**Description of the task**
Omit each picture as you copy the entries exactly.

(Recorded data)
◇ ◇ ◇ ◇

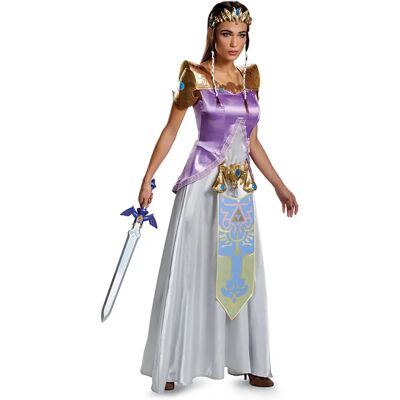 Nintendo Zelda Deluxe Costume - Purple, Small - Costumes Nintendo Zelda Deluxe Costume - Purple, Small - Costumes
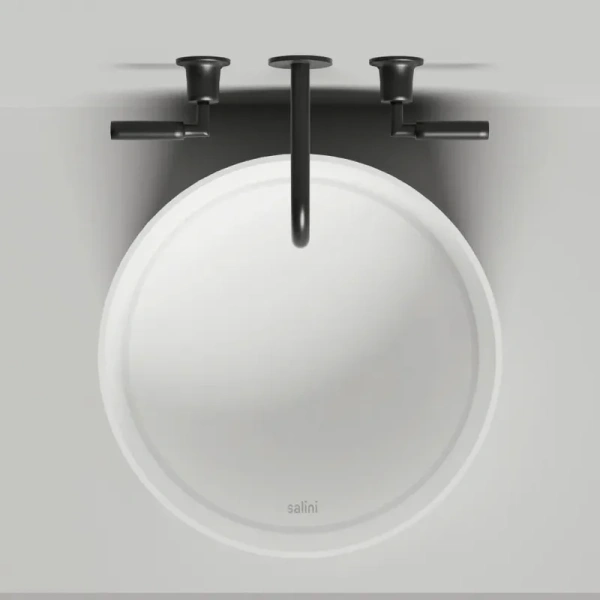 Раковина Salini Armonia Round 02 45 см из искусственного камня 130422M Hanex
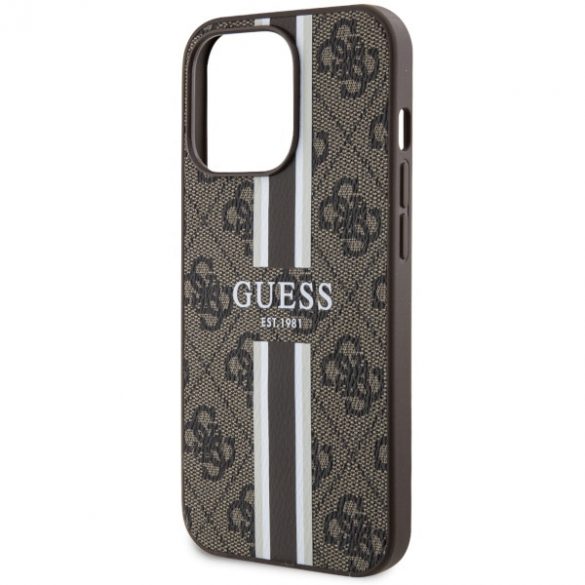 Guess GUHMP13XP4RPSW iPhone 13 Pro Max 6.7 brązowy/maro husă rigidă 4G Printed Stripes MagSafe"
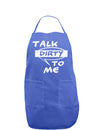 Talk Dirty To Me Censored Dark Adult Apron-Bib Apron-TooLoud-Faded Blue-One-Size-Davson Sales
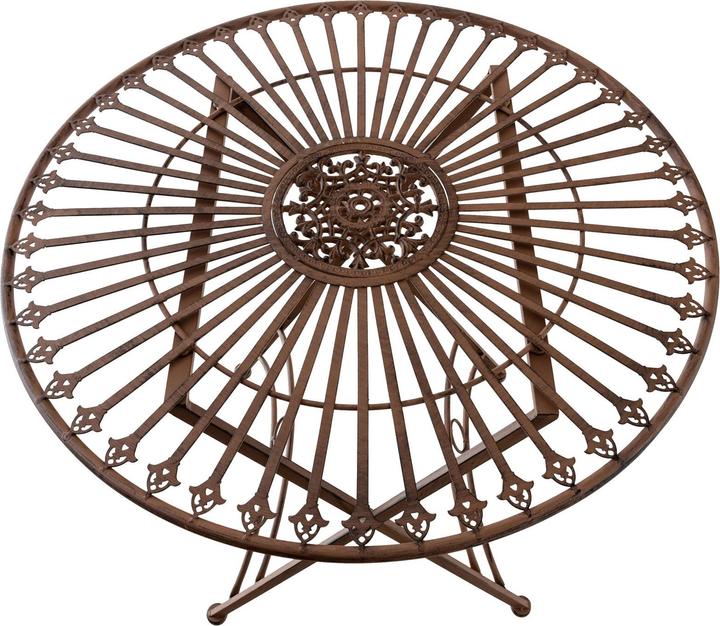 Actual product image CLP Table Tegal, antique brown (71 cm)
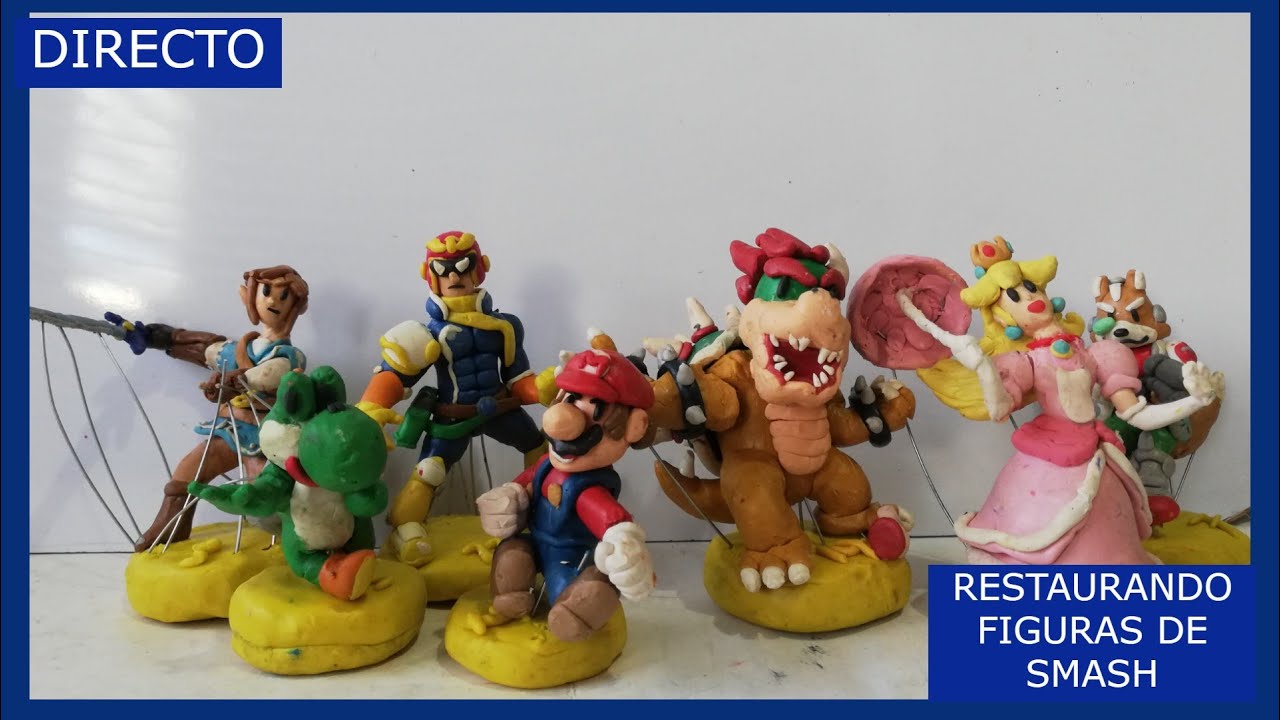 -EN VIVO- ARREGLANDO FIGURAS DE SMASH BROS- PARTE 1- Super Ramecol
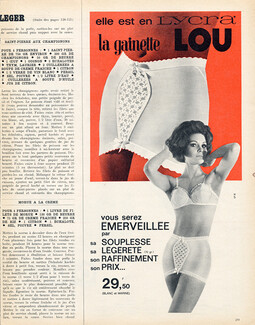 Lou 1963 "Gainette" Girdle, Brassiere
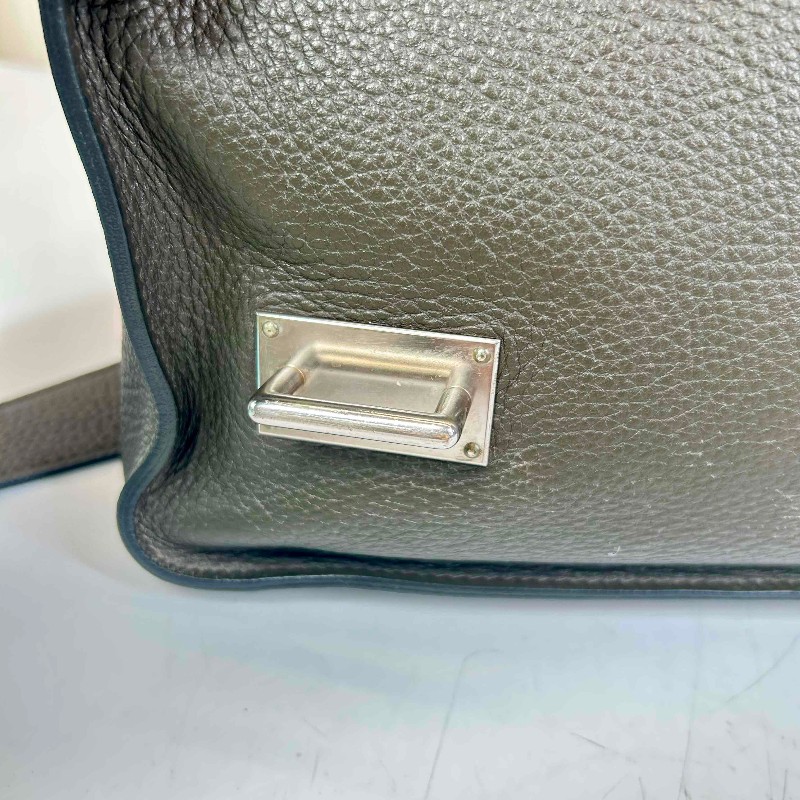 Hermes 1290 Steve caporal 男士雙扣郵差包斜背包 Togo皮-15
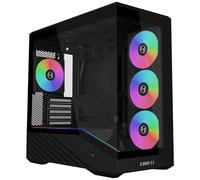 LIANLI Vector V100R Mini Tour PC Case, sans Colonne, Connexion arrière m-ATX/m-ATX/Mini-ITX Carte mère Standard, équipée de 4 Ventilateurs ARGB Standard, V100RMIX, Japonais autorisé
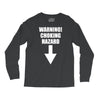 warning choking hazard printed Long Sleeve Shirts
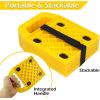 image:imageMaxxHaul 50955 High Visibility RV Leveling Blocks With Interlocking Nested Design amp Comes With Zippered Storage Bag Measures 85 x 85 x 1  10 Pack65 x 65 x 08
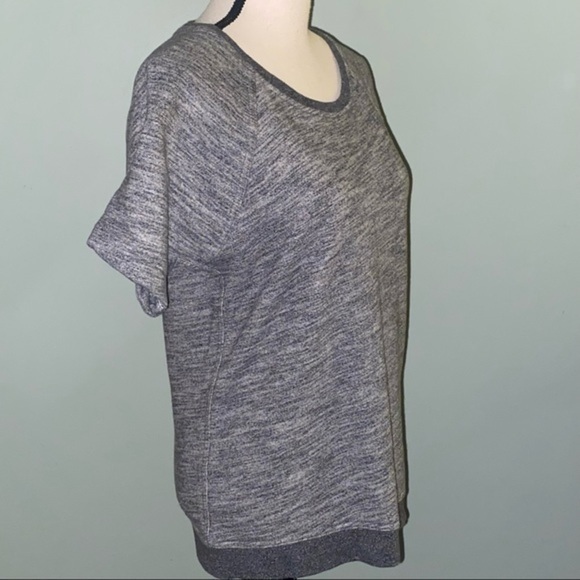 EVERLANE heather grey crew neck short sleeve sweatshirt. Size XS. EUC - Picture 2 of 8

◇ ◇ ◇ ◇

**Written solution**
 Nintendo Zelda Deluxe Costume - Purple, Small - Costumes Nintendo Zelda Deluxe Costume - Purple, Small - Costumes
 Раковина Salini Armonia Round 02 45 см из искусственного камня 130422M Hanex
 Guess GUHMP13XP4RPSW iPhone 13 Pro Max 6.7 brązowy/maro husă rigidă 4G Printed Stripes MagSafe"
 Talk Dirty To Me Censored Dark Adult Apron-Bib Apron-TooLoud-Faded Blue-One-Size-Davson Sales
 Actual product image CLP Table Tegal, antique brown (71 cm)
 -EN VIVO- ARREGLANDO FIGURAS DE SMASH BROS- PARTE 1- Super Ramecol
 Lou 1963 "Gainette" Girdle, Brassiere
 Hermes 1290 Steve caporal 男士雙扣郵差包斜背包 Togo皮-15
 LIANLI Vector V100R Mini Tour PC Case, sans Colonne, Connexion arrière m-ATX/m-ATX/Mini-ITX Carte mère Standard, équipée de 4 Ventilateurs ARGB Standard, V100RMIX, Japonais autorisé
 warning choking hazard printed Long Sleeve Shirts
 image:imageMaxxHaul 50955 High Visibility RV Leveling Blocks With Interlocking Nested Design amp Comes With Zippered Storage Bag Measures 85 x 85 x 1  10 Pack65 x 65 x 08
 EVERLANE heather grey crew neck short sleeve sweatshirt. Size XS. EUC - Picture 2 of 8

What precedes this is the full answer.